Modifying Regeneration Mutation and Hybridising Clonal Selection for Evolutionary Algorithms Based Timetabling Tool

Abstract

This paper outlines the development of a new evolutionary algorithms based timetabling (EAT) tool for solving course scheduling problems that include a genetic algorithm (GA) and a memetic algorithm (MA). Reproduction processes may generate infeasible solutions. Previous research has used repair processes that have been applied after a population of chromosomes has been generated. This research developed a new approach which (i) modified the genetic operators to prevent the creation of infeasible solutions before chromosomes were added to the population; (ii) included the clonal selection algorithm (CSA); and the elitist strategy (ES) to improve the quality of the solutions produced. This approach was adopted by both the GA and MA within the EAT. The MA was further modified to include hill climbing local search.

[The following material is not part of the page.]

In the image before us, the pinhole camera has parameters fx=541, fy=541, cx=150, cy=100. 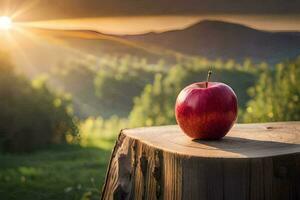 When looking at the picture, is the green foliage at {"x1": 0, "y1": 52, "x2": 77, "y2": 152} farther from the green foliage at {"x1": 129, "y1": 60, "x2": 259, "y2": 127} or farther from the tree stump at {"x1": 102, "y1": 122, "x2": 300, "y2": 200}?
the tree stump at {"x1": 102, "y1": 122, "x2": 300, "y2": 200}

The EAT program was tested using 14 benchmark timetabling problems from the literature using a sequential experimental design, which included a fractional factorial screening experiment. Experiments were conducted to (i) test the performance of the proposed modified algorithms; (ii) identify which factors and interactions were statistically significant; (iii) identify appropriate parameters for the GA and MA; and (iv) compare the performance of the various hybrid algorithms. The genetic algorithm with modified genetic operators produced an average improvement of over 50%.